M71: Clone dict before iteration in CJS_Document::get_info
Bug: chromium:895152
TBR=tsepez@chromium.org
Change-Id: I678350841892f88a5d580b58a33a639a1b6ec305
Reviewed-on: https://pdfium-review.googlesource.com/c/44050
Reviewed-by: Lei Zhang <thestig@chromium.org>
Commit-Queue: Tom Sepez <tsepez@chromium.org>
(cherry picked from commit d2e27d660a96080882e43825fb4b5d03e8a4d05a)
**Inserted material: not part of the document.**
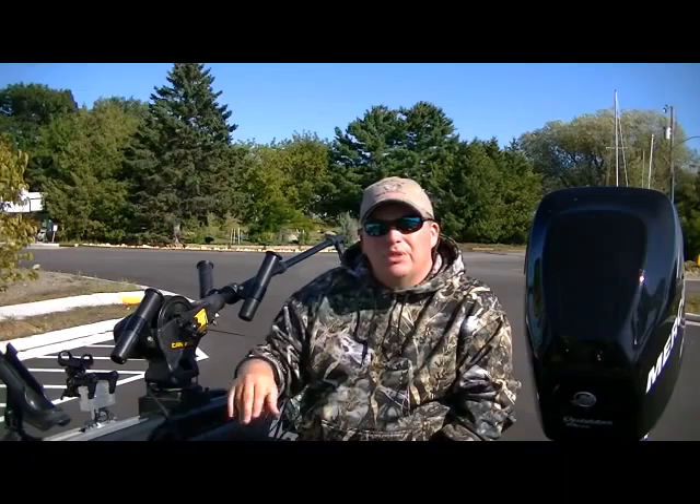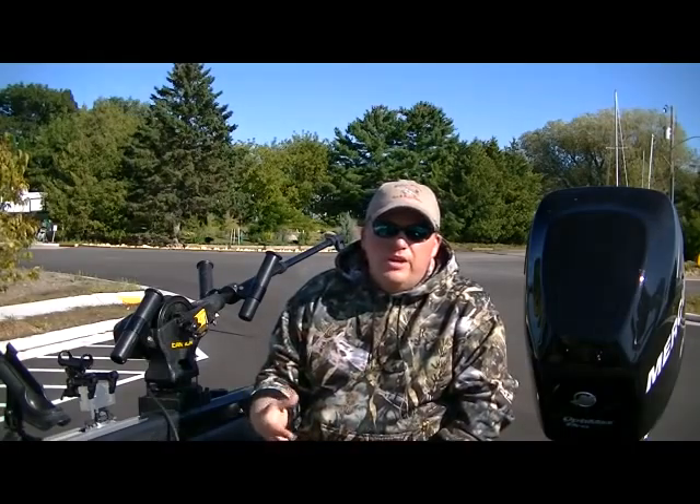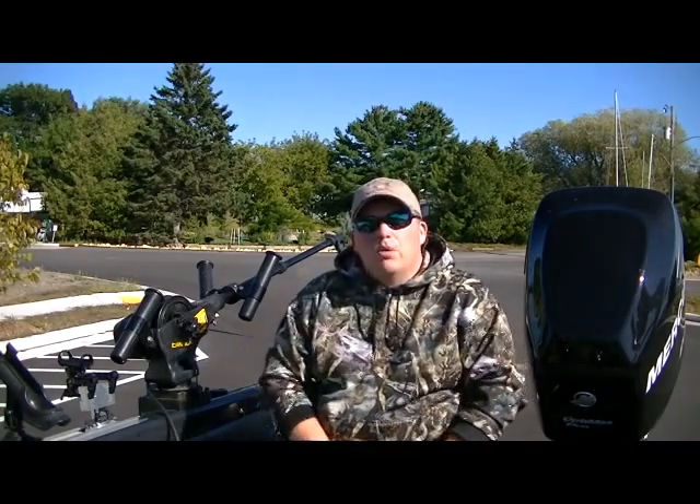Hey everyone, welcome to our September edition of our Bait Shop video series for River Rock Inn and Hudson's on the Spot Guide Service. I'm Jim Hudson, and we're here in the middle of September. We pushed this Bait Shop series video back a little bit to the middle of the month because we wanted to talk about some trolling options starting right now and into October.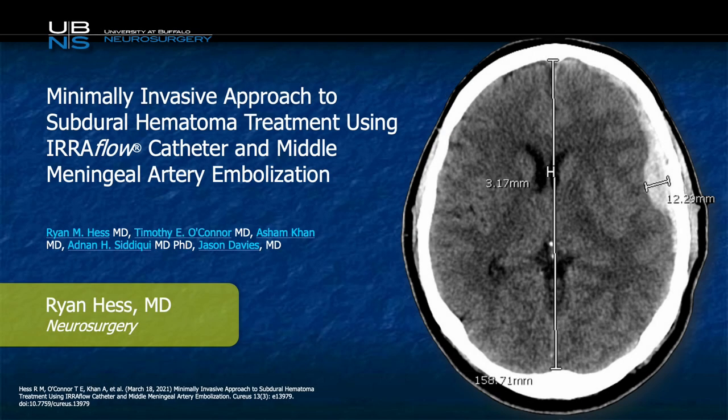Hello, this is Dr. Ryan Hess with the University of Buffalo Neurosurgery, taking you through a case that we did recently with the EarFlow device, the treatment of a subdural hematoma in addition to middle meningeal artery embolization.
Reviewed-on: https://pdfium-review.googlesource.com/c/47333
Reviewed-by: Tom Sepez <tsepez@chromium.org>
diff --git a/fxjs/cjs_document.cpp b/fxjs/cjs_document.cpp
index 6e2f2da..ff9cfc3 100644
--- a/fxjs/cjs_document.cpp
+++ b/fxjs/cjs_document.cpp
@@ -744,8 +744,9 @@
pRuntime->PutObjectProperty(pObj, L"Trapped",
pRuntime->NewString(cwTrapped.AsStringView()));
- // It's to be compatible to non-standard info dictionary.
- for (const auto& it : *pDictionary) {
+ // PutObjectProperty() calls below may re-enter JS and change info dict.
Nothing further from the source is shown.